La foi, au sens biblique, n’est pas d’abord la croyance. Elle est d’une autre nature, elle est une relation confiante à Dieu lui-même, une écoute de sa Parole. C’est pourquoi la foi vivante permet de recentrer et de redresser une croyance qui s’égare. Elle nous permet de ressaisir son sens, quand il nous échappe, quand il nous surprend ou nous paraît trop étrange. « Cet enseignement est difficile à admettre. Qui peut l’accepter ? » disaient des disciples de Jésus. Et Jésus, voyant qu’ils étaient choqués par son message, répond en faisant référence au Saint Esprit, qui donne vie, il rappelle le fait qu’on ne peut accéder à lui, le Christ, sinon par le don de Dieu. C’est-à-dire par la relation de foi. Alors ses paroles, qui semblent outrées, prennent sens et vie. Elles deviennent les « paroles de la vie éternelle… Seigneur à qui irions-nous ? Tu as les paroles de la vie éternelle. »
Le texte de l’évangile de Jean recèle encore un verset intéressant. Jésus pose à ses douze disciples la question suivante : « Voulez-vous partir, vous aussi ? » Jésus interroge donc leur volonté, il fait appel à elle. Parce que la foi est une réponse à Dieu, elle est un acte de volonté. « Être croyant, c’est vouloir être croyant » écrit un théologien. La foi est une décision qui ouvre un chemin de vie. Elle ne consiste pas seulement en une adhésion à une croyance donnée, elle consiste, plus profondément, plus intimement, en un acte, qui a un caractère prophétique, crée du neuf et ouvre sur l’avenir. Croire, c’est s’impliquer dans l’existence et émettre des jugements qui changent la réalité. En ce sens, la foi se différencie du savoir. Finalement, la foi a donné à la croyance chrétienne ses caractéristiques et sa force, qui lui ont permis de traverser les siècles et de résister au grand brouhaha des idéologies et des superstitions.
5. Une conviction sans crédulité
Je conclus en affirmant qu’il y a aujourd’hui une croyance possible, en particulier dans le cadre de la foi qui nous relie à Dieu, l’Ultime devenu proche en Jésus-Christ – Jésus-Christ, face humaine de Dieu. J’espère que les chrétiens manifesteront dans les temps qui viennent des convictions fortes, plus fortes que jusqu’ici.
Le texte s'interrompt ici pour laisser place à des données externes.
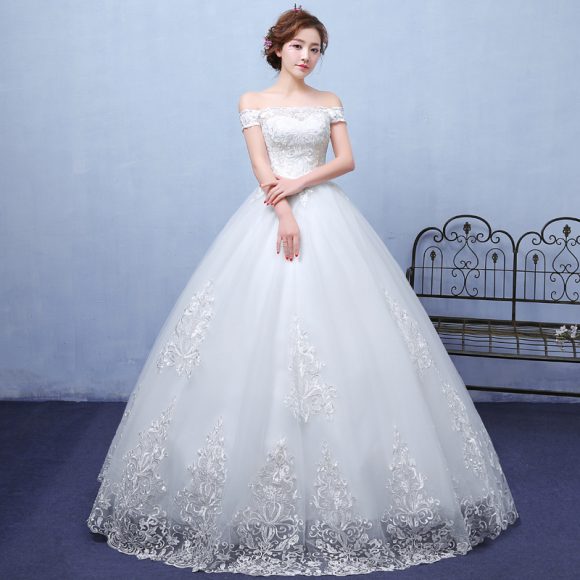 summer paragraph white word shoulder wedding dress lace wedding bride wedding dress wholesale custom - Image 4
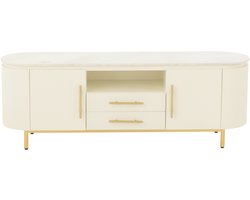 J-Line tv-kast - marmer/metaal - wit/goud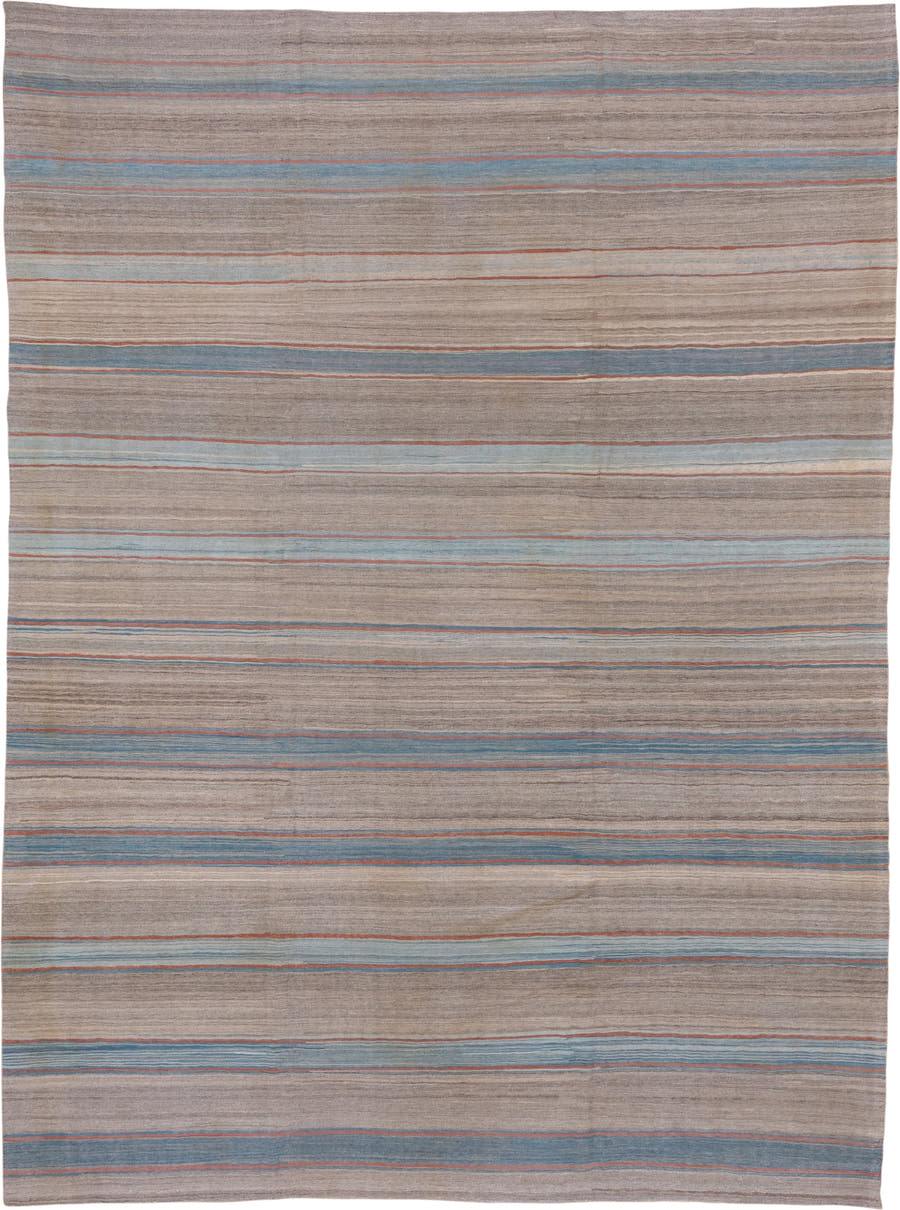 8' x 11' one-of-a-kind handmade vintage Kilim large size rug. Color palette: taupe, sky blue, slate, rust, ivory, beige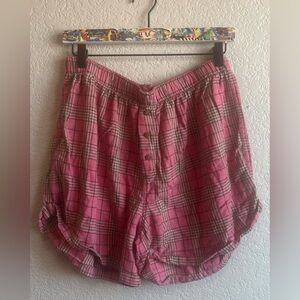 Free People Pink Plaid Shorts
Ce n’est pas prôner la crédulité, ni la naïveté, ni l’obscurantisme. Je n’exclus pas que nous puissions avoir des doutes – même l’Évangile en parle. Je plaide pour que nous osions nous impliquer joyeusement, intelligemment, de manière communautaire dans la vie chrétienne. Notre conviction à chacun peut s’approfondir, parce qu’il y une progression possible dans l’Évangile, parce que nous pouvons y faire des découvertes. Elles ne dépendent pas seulement de nous, mais aussi de ce que nous apportent les autres, qui sont engagés dans la même aventure, dans le même combat. Que le Seigneur nous renouvelle donc à chacun cette force de conviction !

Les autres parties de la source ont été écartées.